_TASK GOAL_. Under this line is a listing; return exactly the lines starting at the one with "Grillabend mit Flammlachs und Gästen" and running down to the one with "Factory supplier wholesale", and leave out its pictures.

─── RECORDS SUPPLIED

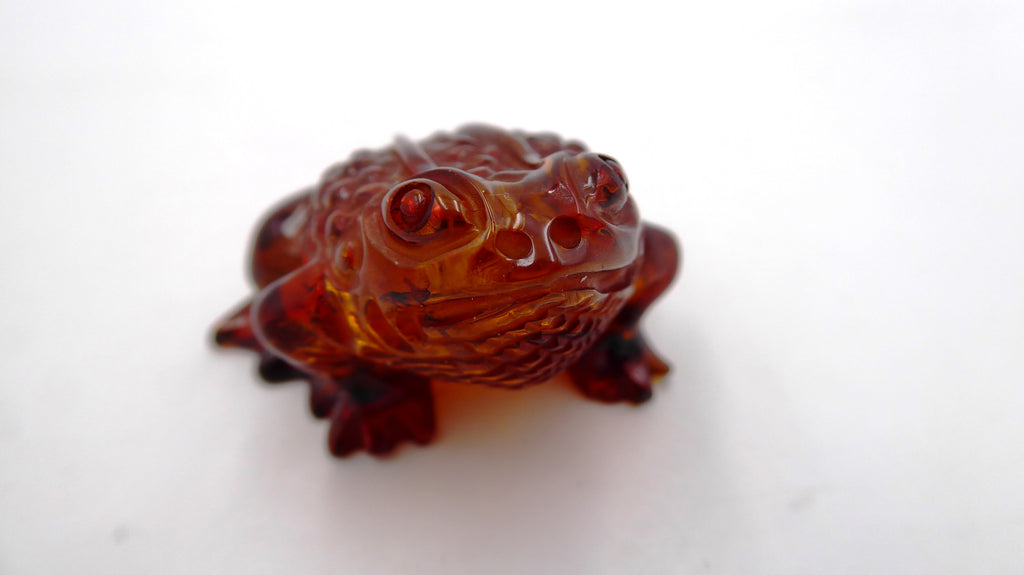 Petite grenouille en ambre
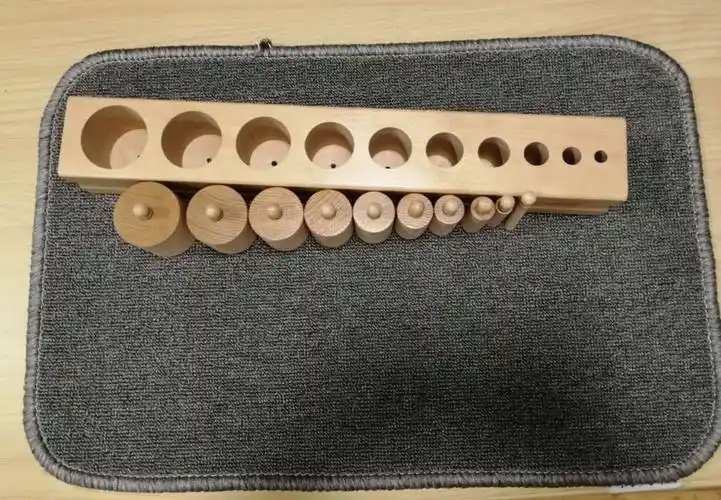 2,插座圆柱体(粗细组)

──────
─── RECORDS SUPPLIED

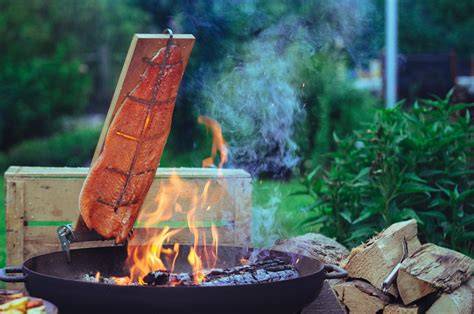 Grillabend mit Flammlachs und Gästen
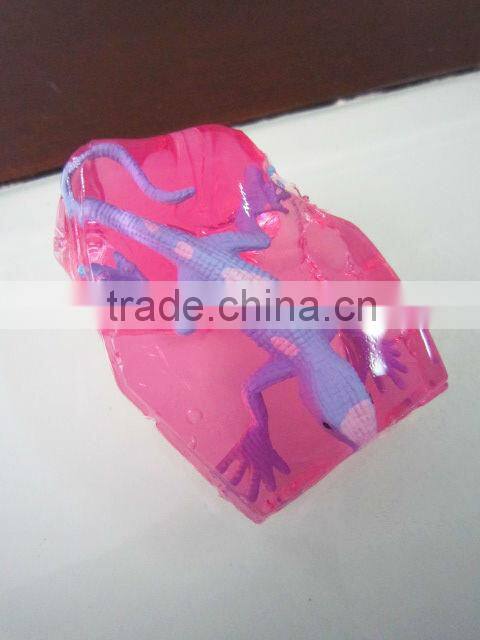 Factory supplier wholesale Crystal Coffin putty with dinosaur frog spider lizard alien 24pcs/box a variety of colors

──────

_SOLUTION TO THE PROBLEM_.
 Grillabend mit Flammlachs und Gästen
 Factory supplier wholesale Crystal Coffin putty with dinosaur frog spider lizard alien 24pcs/box a variety of colors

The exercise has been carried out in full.